In the embodiment of the present application, when the speech data is preprocessed, specifically, by extracting an acoustic feature from the received input speech signal, the acoustic feature includes any one of an MFCC feature, a FilterBank feature, or a PLP feature; processing input voice data by using a detection technology based on a signal-to-noise ratio, removing a non-voice section in an audio signal, and enhancing the voice data by using a method of mixing multi-environment reverberation, wherein silence detection is to obtain a GMM (Gaussian mixture model) model which can divide silence and noise by using an EM (effective noise) algorithm iterative training; by adopting the deep learning algorithm, various background noises in the audio can be greatly eliminated, and as shown in fig. 2, the method is a speech enhancement flow diagram based on deep unsupervised learning. And data enhancement can be carried out by injecting noise into the pure data set, and a nonlinear function from noise-containing speech to clean speech is learned by using a deep neural network so as to achieve the purpose of denoising or dereverberating. More specifically, the noise-injected training may allow the objective function to obtain an optimal solution that is less sensitive to input variations.

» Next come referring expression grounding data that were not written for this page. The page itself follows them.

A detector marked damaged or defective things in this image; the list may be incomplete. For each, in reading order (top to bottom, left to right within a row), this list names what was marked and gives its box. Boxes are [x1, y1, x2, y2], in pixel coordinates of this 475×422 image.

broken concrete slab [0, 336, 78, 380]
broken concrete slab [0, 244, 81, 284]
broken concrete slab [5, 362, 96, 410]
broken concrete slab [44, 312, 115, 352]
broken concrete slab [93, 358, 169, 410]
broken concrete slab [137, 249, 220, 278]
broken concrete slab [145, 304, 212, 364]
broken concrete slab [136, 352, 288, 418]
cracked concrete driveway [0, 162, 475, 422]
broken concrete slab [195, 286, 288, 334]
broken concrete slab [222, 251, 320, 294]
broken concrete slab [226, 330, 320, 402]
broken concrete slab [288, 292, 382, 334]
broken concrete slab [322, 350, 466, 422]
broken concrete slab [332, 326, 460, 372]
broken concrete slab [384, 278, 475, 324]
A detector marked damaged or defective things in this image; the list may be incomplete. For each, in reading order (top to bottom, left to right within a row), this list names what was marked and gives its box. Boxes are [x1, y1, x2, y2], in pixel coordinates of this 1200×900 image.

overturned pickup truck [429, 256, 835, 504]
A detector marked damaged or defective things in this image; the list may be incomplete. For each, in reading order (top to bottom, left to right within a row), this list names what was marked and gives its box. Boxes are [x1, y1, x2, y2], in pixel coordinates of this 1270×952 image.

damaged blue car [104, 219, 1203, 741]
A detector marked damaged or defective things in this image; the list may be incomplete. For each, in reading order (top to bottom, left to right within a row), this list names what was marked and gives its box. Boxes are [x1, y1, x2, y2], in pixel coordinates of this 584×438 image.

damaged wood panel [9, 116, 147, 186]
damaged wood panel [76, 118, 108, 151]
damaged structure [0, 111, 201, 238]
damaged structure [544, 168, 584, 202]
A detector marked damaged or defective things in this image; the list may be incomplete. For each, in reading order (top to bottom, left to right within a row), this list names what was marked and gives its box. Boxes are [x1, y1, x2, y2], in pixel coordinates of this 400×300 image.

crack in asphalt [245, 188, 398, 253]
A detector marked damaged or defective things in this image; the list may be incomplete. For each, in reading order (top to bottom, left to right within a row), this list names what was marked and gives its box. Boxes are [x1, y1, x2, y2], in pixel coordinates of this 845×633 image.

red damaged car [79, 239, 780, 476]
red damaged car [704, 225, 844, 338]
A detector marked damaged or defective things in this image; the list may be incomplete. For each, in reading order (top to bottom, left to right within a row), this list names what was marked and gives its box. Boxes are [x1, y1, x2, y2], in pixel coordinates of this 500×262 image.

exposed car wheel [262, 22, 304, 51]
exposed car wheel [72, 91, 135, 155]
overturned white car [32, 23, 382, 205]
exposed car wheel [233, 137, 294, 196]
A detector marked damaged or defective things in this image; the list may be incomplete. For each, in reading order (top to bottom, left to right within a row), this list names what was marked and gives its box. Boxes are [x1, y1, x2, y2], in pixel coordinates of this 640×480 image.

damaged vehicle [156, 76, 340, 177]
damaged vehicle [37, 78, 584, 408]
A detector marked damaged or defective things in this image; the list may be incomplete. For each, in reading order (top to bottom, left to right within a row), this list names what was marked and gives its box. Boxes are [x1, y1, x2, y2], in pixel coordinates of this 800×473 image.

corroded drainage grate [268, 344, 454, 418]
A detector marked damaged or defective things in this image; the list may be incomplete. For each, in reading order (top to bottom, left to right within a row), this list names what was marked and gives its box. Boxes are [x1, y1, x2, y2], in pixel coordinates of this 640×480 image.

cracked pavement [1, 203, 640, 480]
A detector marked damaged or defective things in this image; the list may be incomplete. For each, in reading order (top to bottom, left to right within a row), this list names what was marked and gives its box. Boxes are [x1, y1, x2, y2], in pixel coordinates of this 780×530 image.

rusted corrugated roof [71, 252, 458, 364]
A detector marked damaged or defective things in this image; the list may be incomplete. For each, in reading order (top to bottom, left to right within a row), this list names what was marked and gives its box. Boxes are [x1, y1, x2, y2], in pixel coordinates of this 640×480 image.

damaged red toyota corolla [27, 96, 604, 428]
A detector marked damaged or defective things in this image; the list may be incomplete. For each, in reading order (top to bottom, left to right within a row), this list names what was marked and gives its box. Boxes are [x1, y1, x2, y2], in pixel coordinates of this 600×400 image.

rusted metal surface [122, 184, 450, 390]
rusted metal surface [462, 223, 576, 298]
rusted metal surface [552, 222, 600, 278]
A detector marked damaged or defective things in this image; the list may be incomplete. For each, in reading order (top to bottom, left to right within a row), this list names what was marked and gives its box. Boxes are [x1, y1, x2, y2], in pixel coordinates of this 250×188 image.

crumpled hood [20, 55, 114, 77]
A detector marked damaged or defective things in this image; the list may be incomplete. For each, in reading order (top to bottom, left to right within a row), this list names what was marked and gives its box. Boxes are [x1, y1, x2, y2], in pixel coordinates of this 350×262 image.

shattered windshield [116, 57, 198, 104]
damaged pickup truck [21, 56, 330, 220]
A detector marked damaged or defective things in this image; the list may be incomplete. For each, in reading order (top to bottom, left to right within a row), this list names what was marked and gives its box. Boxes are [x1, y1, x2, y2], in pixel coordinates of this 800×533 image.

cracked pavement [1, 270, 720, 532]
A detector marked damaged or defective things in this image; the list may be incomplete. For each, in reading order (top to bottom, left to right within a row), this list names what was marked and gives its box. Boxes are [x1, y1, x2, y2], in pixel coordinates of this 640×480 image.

S3: extracting a phoneme posterior probability vector from the preprocessed voice data by using a phoneme recognizer;

in an embodiment of the present application, the extracting a phoneme posterior probability vector from the preprocessed speech data by using a phoneme recognizer includes:

acquiring a phoneme recognizer;

performing phoneme log likelihood ratio training on the phoneme recognizer;

acquiring the preprocessed voice data;

inputting the speech data into the phoneme recognizer;

In the embodiment of the present application, when extracting a phoneme posterior probability vector from the preprocessed voice data by using a phoneme recognizer, extracting a frame-level phoneme posterior probability vector from the preprocessed voice data by using the phoneme recognizer; the PLLR (phoneme log likelihood ratio) module flow diagram shown in fig. 3 is utilized, and specifically includes the following steps: the PLLR (phoneme Log likelihood ratio) training part trains a phoneme recognizer, which recognizes a speech signal as a frame-level phoneme posterior probability vector, using a large amount of irrelevant corpus, but does not decode a phoneme string or a phoneme lattice, but performs a series of transformation processes on the phoneme posterior probability vector to obtain a frame-level form as with the features of an acoustic layer. Fig. 4 is a schematic diagram of an HMM-DNN (hidden markov model-deep neural network) structure used in the present invention. The phoneme recognizer can be trained by using mainstream speech recognition, and the trained phoneme recognizer has the advantage of being not limited by voiceprints in use; extracting the feature of the input speech signal, which is a phoneme posterior probability vector at the frame level, setting a phoneme posterior probability vector [ b (1), b (2), …, b (k) ] recognized as a k-dimension for each frame, and performing a regularization operation on the vector to obtain PLLR (phoneme log likelihood ratio) of each phoneme posterior probability, which is calculated as follows:

where b (k) represents the phoneme posterior probability.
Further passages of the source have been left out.